Orycteropus cf. afer

Referred material. DN 1062, right proximal radius.

Description. The DN 1062 right proximal radius preserves a nearly complete head with articular surfaces and radial tuberosity, but very little diaphysis distal to the tuberosity (Fig. 9C). Although there is minor abrasion damage to the cortex around the radial head, the minimum linear dimensions are 17.1 mm mediolaterally and 12.5 mm dorsoventrally. The articular surface morphology of the specimen is diagnostically orycteropodid (to the exclusion of similarly sized carnivores, primates, Hystrix and Smutsia [Order Philodota]) in the well-developed medial articular facets for contact with the lateral coronoid process of the ulna (Fig. 9C). The DN specimen is identical to extant Orycteropus afer radii available to us for direct comparison in both morphology and size, and exhibits excellent joint congruence with the capitulum of the Orycteropus cf. afer distal humerus from Swartkrans Member 1 (SKX 14261) (Lehmann, 2004).


Fauna from the site has been recovered from both calcified and decalcified deposits in the Main Quarry using a variety of techniques over the years. A small portion of the collections from the early 1990s was developed from blocks recovered from the lime miners dumps just outside the Main Quarry. While these blocks have always been assumed to come from the Main Quarry deposits due to their proximity, the recent excavation of a newer, older (∼2.6 Ma) 50 m west of the Main Quarry (the Drimolen Makondo; Rovinsky et al., 2015; A Herries et al., 2016, unpublished data) does mean that this ex situ material could be mixed from more than one age of deposit. However, these two different deposits are not stratigraphically intertwined as is the case for deposits like Members 4 and 5 at Sterkfontein (Herries & Shaw, 2011) or Swartkrans Members 1–3 (Herries & Adams, 2013). This is currently no indication that similarly-aged Pliocene deposits exist in the Main Quarry itself.

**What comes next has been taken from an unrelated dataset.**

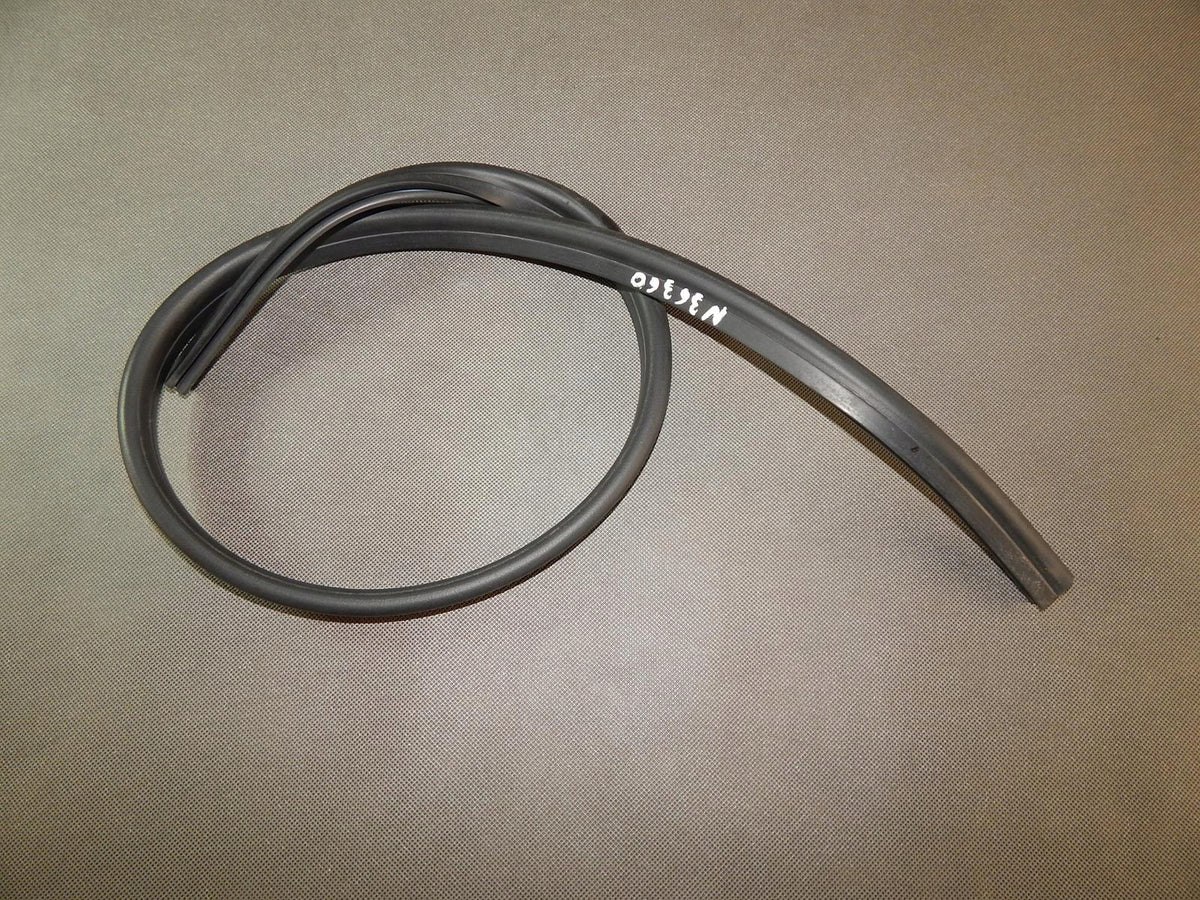 OCTAVIA 3 ENGINE COMPARTMENT GASKET 5E0826723A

Although there is notable diversity in the recovered Drimolen Main Quarry faunas, the majority of the specimens provide limited biochronological data for interpreting the age of the deposits. As is typical for South African palaeokarstic deposits in the region, the recovery of Equus cf. quagga ssp. from the in situ deposits indicates that at least part of the assemblage formed after 2.33 Ma given the first appearance of the genus in African early Pleistocene deposits (Geraads, Raynal & Eisenmann, 2004). The remainder of the ungulate specimens identified from the Main Quarry are either not specifically attributable, are members of long-surviving Plio-Pleistocene lineages, or have poorly-secured first appearance (FAD) and last appearance dates (LAD) in South Africa. The largest bovid sample in the assemblage, Antidorcas recki, has been recovered from eastern and South African deposits spanning the late Pliocene (e.g., Shungura Formation B-H; Gentry, 2010; McDougall et al., 2011; Brown, McDougall & Gathogo, 2013) to the >1.07 Ma (or <0.780 Ma) Olduvai Bed IV (Tamrat et al., 1995) and the 1.07–0.780 Ma Elandsfontein deposits (Gentry, 2010; Braun et al., 2013). The differences in the transverse ridging of the horn cores with the previously described Bolt’s Farm Pit 3 specimens may or may not reflect a temporal difference in depositional age.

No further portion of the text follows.